2. Keep Your Menu Short
Hungry customers typically won't have the patience to skim through a long menu of options, so it’s important to keep your delivery menu short and to the point. That means selecting a maximum of 15 to 20 of your best-selling, easily transportable dishes for your take out menu. Once you have picked your offerings, break them up into categories to make your menu easy to navigate.

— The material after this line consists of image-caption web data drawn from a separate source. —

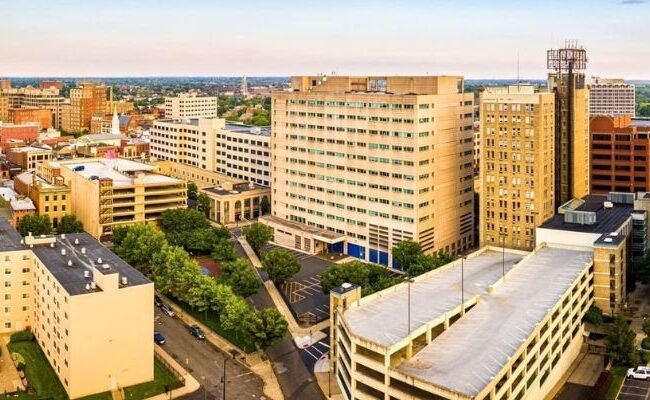 Frontier Airlines Trenton Office in New Jersey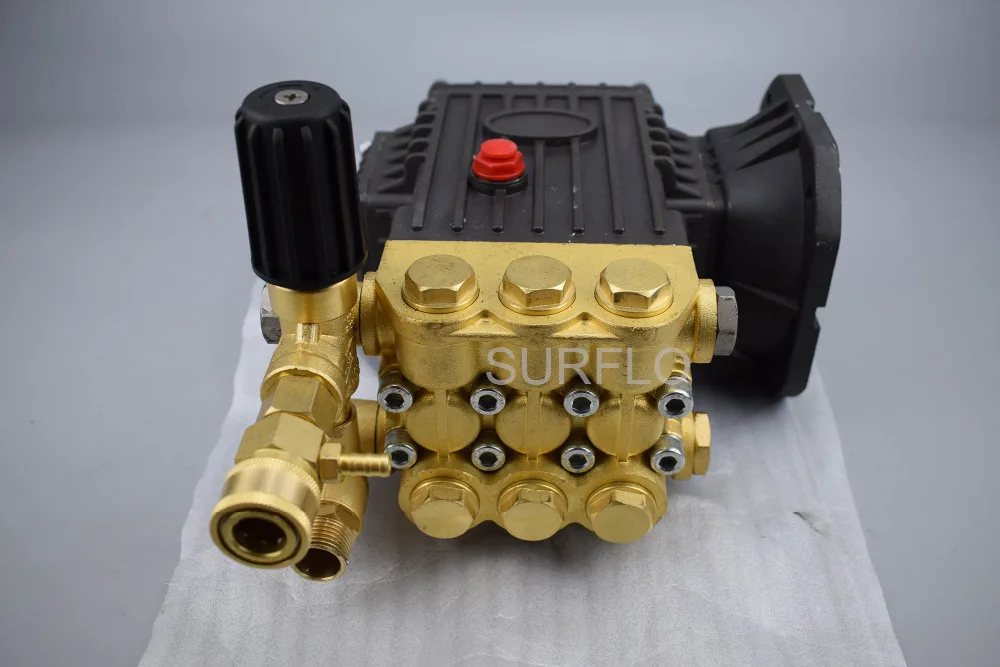 Полностью медный Плунжер для мойки высокого давления серия 2: 1 | Обустройство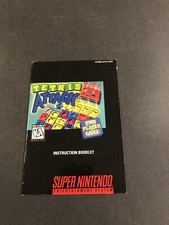 tetris attack snes Manual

3. Make Your Menu Visually Appealing
If your online menu is the only interaction your customer is going to have with your business, you’ll want to make sure that menu is a good representation of your restaurant. Here are some menu design ideas to spruce up your delivery menu:
- Add professional photos
- Use short and accurate food descriptions
- Use enticing colors and eye-catching designs
4. Update Your Menu In Real Time
Nothing is more disappointing for a customer than finding out the food item they set their heart on is no longer available. This can cost you an entire sale. To prevent disappointment, designate a staff member to monitor the online menu and update it in real time depending on your supplies. If you run out of ingredients to make a menu item, immediately pull it from the menu so customers can’t accidentally order it.
If you have recently added a delivery service to your restaurant or are looking to add one as the foodservice industry adapts to the coronavirus, you can use these tips as a guide to structure your menu during these uncertain times.